Polska już dawno nie została tak upokorzona jak podczas spotkania Tuska z Scholzem.

Niemiecko-polski spór o reparacje za II wojnę światową może wkrótce się zakończyć, a niemiecki kanclerz Olaf Scholz upokorzył Polskę – twierdzi znany publicysta.

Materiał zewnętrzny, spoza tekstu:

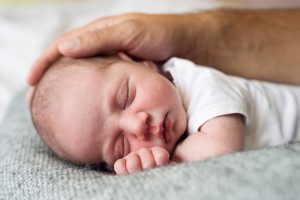 Paternity leave father caressing his cute little newborn baby boy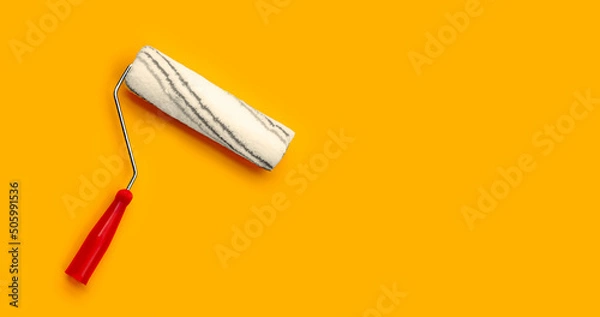 Obraz Paint roller isolated on orange background.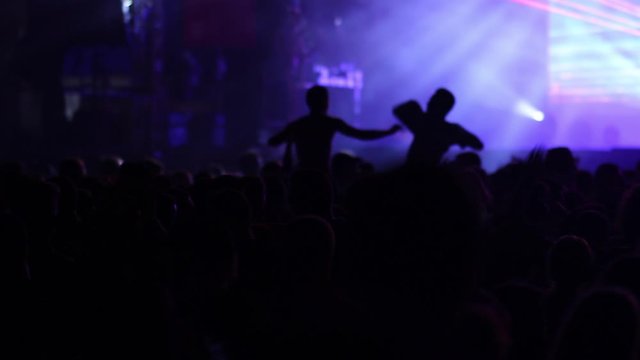 Silhouettes of young people jumping and raising hands at music concert, taking off t-shirts over exalted crowd applause  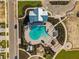 Aerial view of resort-style pool with spacious deck, lush landscaping, and elegant pool house at 16029 Mulrion Blvd, Punta Gorda, FL 33982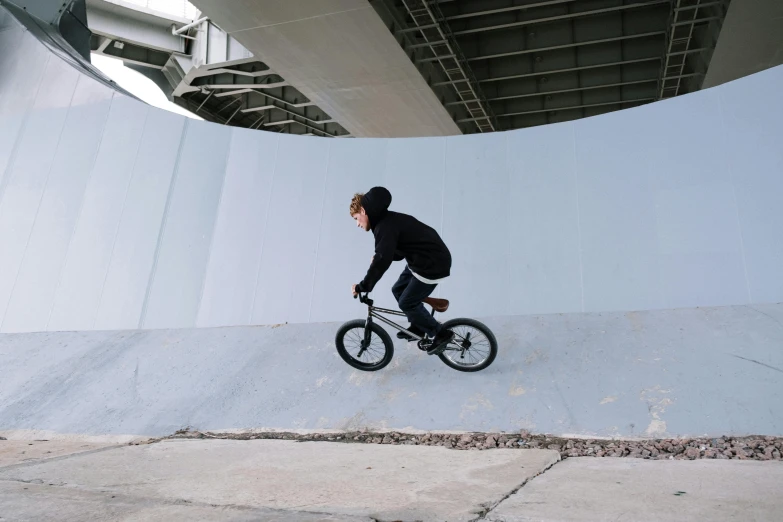 a man riding a bike up the side of a ramp, inspired by Seb McKinnon, urban playground, stealthy, riding a bike, on the streets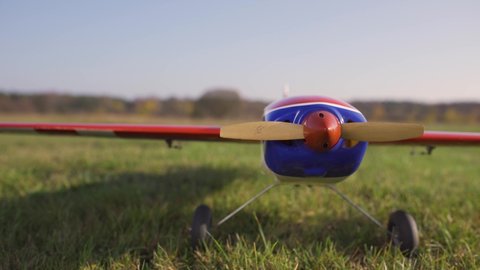 Starting the engine of radio-controlled aircraft, RC plane on grass, camera slider footage, footage of RC aircraft.
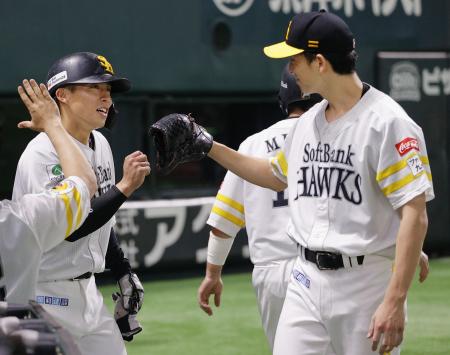 ６回、佐藤直の適時打で生還し、大関（右）とタッチを交わすソフトバンク・野村＝みずほペイペイドーム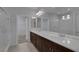 Double vanity bathroom with a large mirror and glass shower at 5977 Ancient Peaks Ave, Las Vegas, NV 89141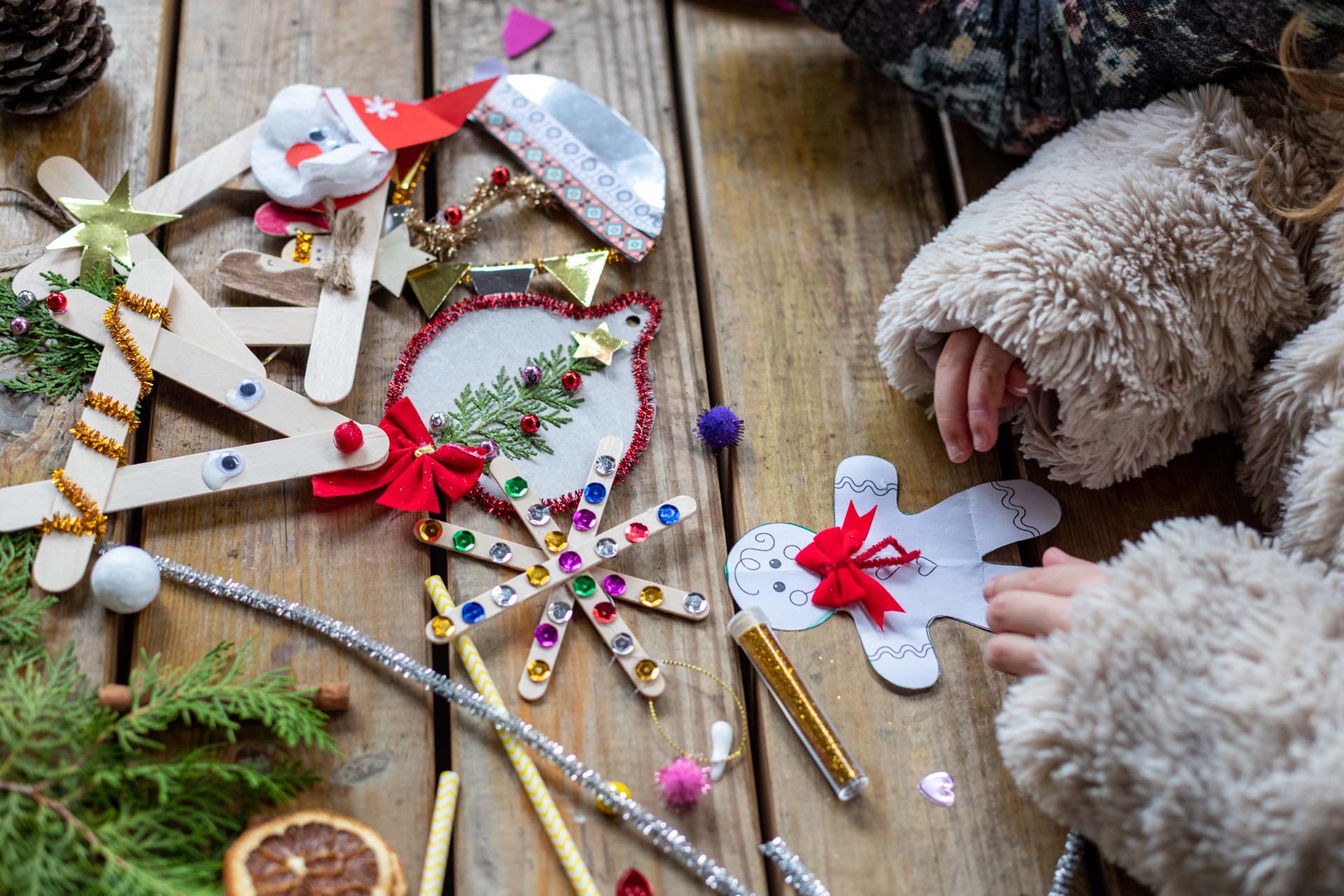 Ένα μικρό κοριτσάκι κάνει χριστουγεννιάτικες χειροτεχνίες και ζωγραφίζει ένα χριστουγεννιάτικο ανθρωπάκι.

Sprawa reparacji między Niemcami a Polską za II wojnę światową wyraźnie pokazuje, jak obecny polski rząd, na którego czele stoi lewicowy polityk Donald Tusk, ma stosunki z Berlinem. Daleko mu do partnerstwa na równych prawach, a raczej do relacji podporządkowanej – stwierdził polski publicysta Jacek Karnowski , jak podała V4na.com .

Spór między obydwoma krajami toczy się od lat. Dwa lata temu poprzedni prawicowy rząd polski opublikował raport szczegółowo opisujący kwotę 1,3 miliarda euro odszkodowań należnych Niemcom za szkody wyrządzone przez niemiecką okupację podczas II wojny światowej. Polska wystosowała także oficjalną notę ​​dyplomatyczną skierowaną do UE, NATO i Rady Europy, w której zwróciła uwagę na żądanie reparacji.

Odkąd Donald Tusk i jego lewicowo-liberalny rząd rządzą Polską, osiągnięto tak wiele, że kanclerz Olaf Scholz złożył propozycję budowy domu polsko-niemieckiego. Pierwotnie chodziło przede wszystkim o budowę pomnika, ale do tego nie dojdzie. Zamiast tego buduje się niejasno określone centrum, które prawdopodobnie będzie sceną zmniejszania odpowiedzialności Niemiec i ewentualnego podziału winy z Polakami i Polską – uważa Jacek Karnowski.

Druga propozycja niemiecka dotyczy pomocy żyjącym jeszcze ofiarom II wojny światowej. Jest opóźniony, niejasny, niespieszny i niczego nie zmienia w rzeczywistości. To pokolenie już w dużej mierze odeszło i pozostało tylko kilku ocalałych. Dziś dopiero poważne propozycje skierowane do dzisiejszej Polski i jej obywateli mogą naprawdę zamknąć sprawę reparacji.

„Podczas gdy niemiecka kanclerz dba o niemieckie interesy, co robi polski premier? Oświadcza, że ​​nie jest ani trochę zawiedziony propozycją i dobrym gestem niemieckiego rządu, gdyż nie ma gestu, który zadowoli Polaków i nie ma kwoty pieniędzy, która zrekompensuje to, co wydarzyło się podczas II wojny światowej. To brzmi jak kiepski żart: jeśli żadna suma pieniędzy nie może zrekompensować skarg, to po co w ogóle czegokolwiek żądać? To absurdalne i żenujące. Gdybyśmy kierowali się tą logiką, odszkodowanie za wypadki drogowe lub przestępstwa nie byłoby wypłacone.”

- wypalił publicysta, który stwierdził, że kanclerz Scholz wie, że ma przewagę, bo wygrał bitwę o Polskę z niezależnym rządem PiS. Dodał, że Polska dawno nie była tak głęboko upokorzona, jak podczas spotkania Tuska z Scholzem.